The researchers analyzed archival observations of a supernova remnant named 3C 397, which is located about 33,000 light-years away in the constellation Aquila. Astronomers estimate this cloud of stellar debris has been expanding for between 1,000 and 2,000 years, making 3C 397 a middle-aged remnant.
The team made clear detections of elements crucial to weighing the white dwarf using data from Suzaku's X-ray Imaging Spectrometer. The observation, made in October 2010 at energies between 5,000 and 9,000 electron volts, provided a total effective exposure of 19 hours.
Infrared data from NASA's Spitzer Space Telescope provided insight into the amount of gas and dust the expanding remnant has gathered up as it drives into interstellar space. The observations, from April 2005, indicate 3C 397 has swept up a mass some 18 times greater than the original white dwarf. As a result, the team concludes that shock waves have thoroughly heated the remnant's innermost parts.
Most low- and medium-mass stars similar to the sun will end their days as white dwarfs. A typical white dwarf is about as massive as our sun yet roughly the size of Earth. This makes white dwarfs among the densest objects scientists know of, surpassed only by neutron stars and black holes.

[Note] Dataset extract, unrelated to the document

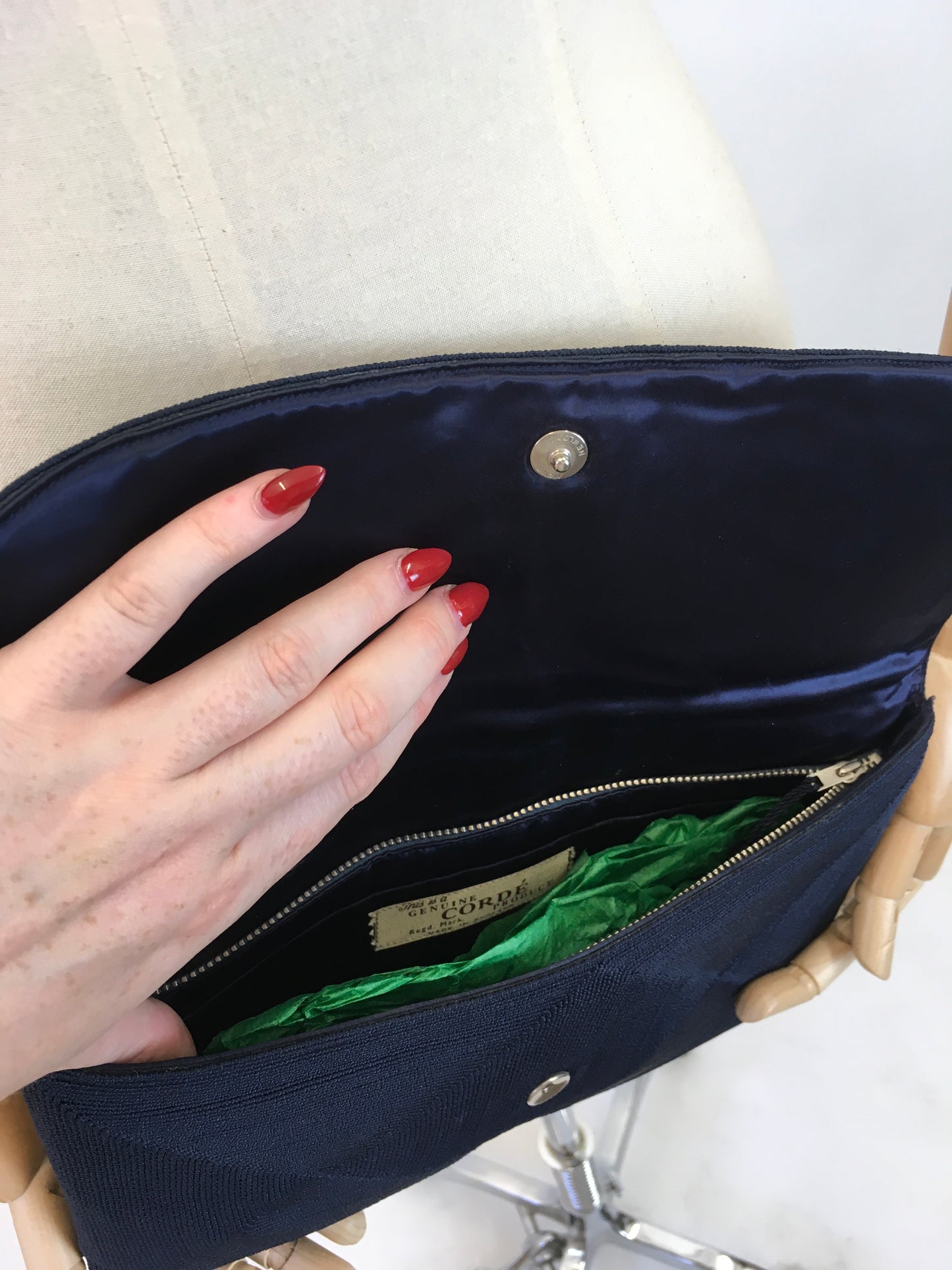 Original 1940's Sensational Navy Corde Clutch Bag - With Beautiful Details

"White dwarfs remain stable as long as they never tip the scales too closely to 1.4 solar masses," said team member Carles Badenes, an assistant professor in the Department of Physics and Astronomy at the University of Pittsburgh in Pennsylvania. "White dwarfs near this limit are on the verge of a catastrophic explosion. All it takes is a little more mass."
Until recently, astronomers thought the most likely way for a white dwarf to gain mass would be as a member of a close binary system with a normal sun-like star. By accumulating matter from its companion, the white dwarf can, over millions of years, nudge itself closer to the limit and explode. The companion stars are expected to survive, but astronomers find scant evidence for them, suggesting the need for an alternative model. In the merger scenario, the blast is triggered by a pair of lower-mass white dwarfs, whose orbits tighten over time until they eventually merge and explode.

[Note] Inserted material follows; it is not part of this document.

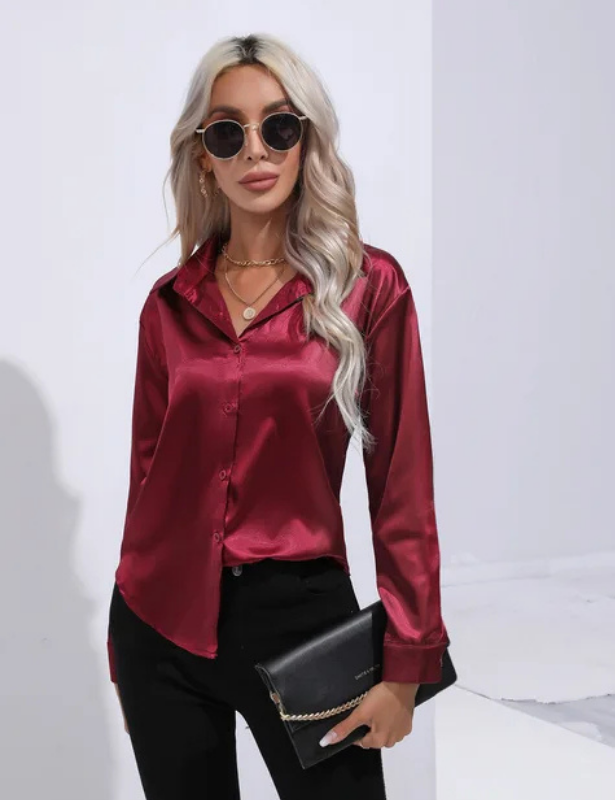 Brick Red Women’s Relaxed Button-Up Blouse on the model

"We can distinguish which of these scenarios is responsible for a given supernova remnant by tallying the nickel and manganese in the expanding cloud," said Goddard astrophysicist Brian Williams. "An explosion from a single white dwarf near its mass limit will produce significantly different amounts of these elements than a merger."
The team also measured iron and chromium, which are produced in all type Ia explosions, as a way to standardize their calculations.
The study was published March 12 in The Astrophysical Journal Letters.